What is a geometric meaning of $2\pi i$ for complex integration? Cauchy Integral formula

Let $G$ be open in $\mathbb{C}$ and $f$ be holomorphic on $G$.
Let $\gamma$ be a closed rectifiable curve in $G$ such that $Wnd(\gamma,z)=0$ for all $z\in \mathbb{C}\setminus G$.
Then, $Wnd(\gamma,z) f(z)= \frac{1}{2\pi i}\int_\gamma \frac{f(w)}{w-z} dw$

I'm now reviewing complex analysis I have learned.
Not only Cauchy integral formula, but all theorems relating line integral comes with the coefficient $\frac{1}{2\pi i}$ in basic complex analysis.
I completely understand the proof for Cauchy integration formula and other theorems (such as Counting zeros, Residue theorem, Argument principle and etc) and I know how $2\pi i$ is derived.
However, I cannot find why $2\pi i$ must be there geometrically or by any means.
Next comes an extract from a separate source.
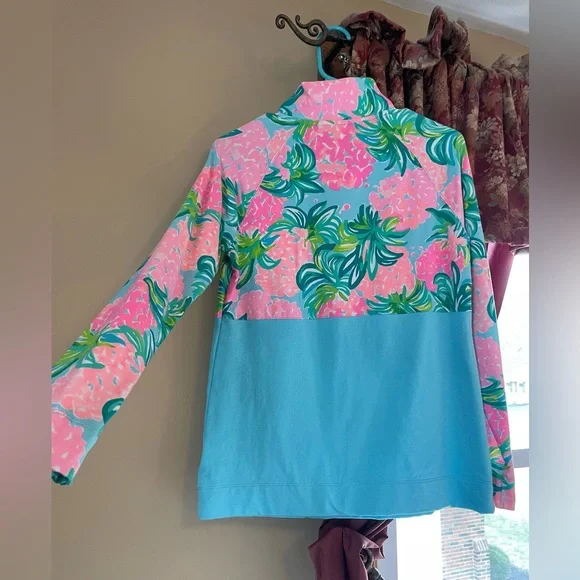 Lilly Pulitzer UPF 50+Noralie Popover - Picture 8 of 8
All I can say for now is that $2\pi i$ incidentally came out in proofs. I'm sure it has some meaning.. What is it?
Thank you in advance.
 A: 
Definition. Let $\gamma:[0,1]\rightarrow\mathbb{C}$ be a loop and let $a\in\mathbb{C}\setminus\gamma([0,1])$. Let define: $$\textrm{Wnd}(\gamma,a):=\frac{1}{2i\pi}\int_{\gamma}\frac{\mathrm{d}z}{z-a}.$$
  $\textrm{Wnd}(\gamma,a)$ is the winding number of $\gamma$ around $a$.

One has the:

Proposition. Let $\gamma:[0,1]\rightarrow\mathbb{C}$ be a loop and let $a\in\mathbb{C}\setminus\gamma([0,1])$, $\textrm{Wnd}(\gamma,a)$ is an integer.

Without the factor $\displaystyle\frac{1}{2i\pi}$, $\textrm{Wnd}(\gamma,a)$ will not be an integer and one cannot have the following:

Geometric interpretation. $\textrm{Wnd}(\gamma,a)$ is the algebraic number of turns of $\gamma$ around the point $a$, that is the number of trigonometric turns of $\gamma$ around $a$ minus the number of clockwise turns of $\gamma$ around $a$.

Example. To get insight let us do the following computation. Let $n\in\mathbb{Z}$ and let define the loop $\gamma_n:[0,1]\ni t\mapsto e^{2in\pi t}\in\mathbb{S}^1$, one has: $$\textrm{Wnd}(\gamma_n,0)=\frac{1}{2i\pi}\int_{0}^1\frac{\gamma'(t)}{\gamma(t)}\mathrm{d}t=\frac{1}{2i\pi}\int_0^1\frac{2in\pi e^{2in\pi t}}{e^{2in\pi t}}\mathrm{d}t=n.$$
$\gamma_n$ make $|n|$ turns around the origin, those turns are trigonometric turns if $n\geqslant0$ and clockwise turns if $n<0$.
A: $$i 2 \pi = \oint_{\gamma} \frac{dz}{z-w} $$
when $w$ is inside $\gamma$ and $\gamma$ only winds around $w$ once counterclockwise (positive orientation).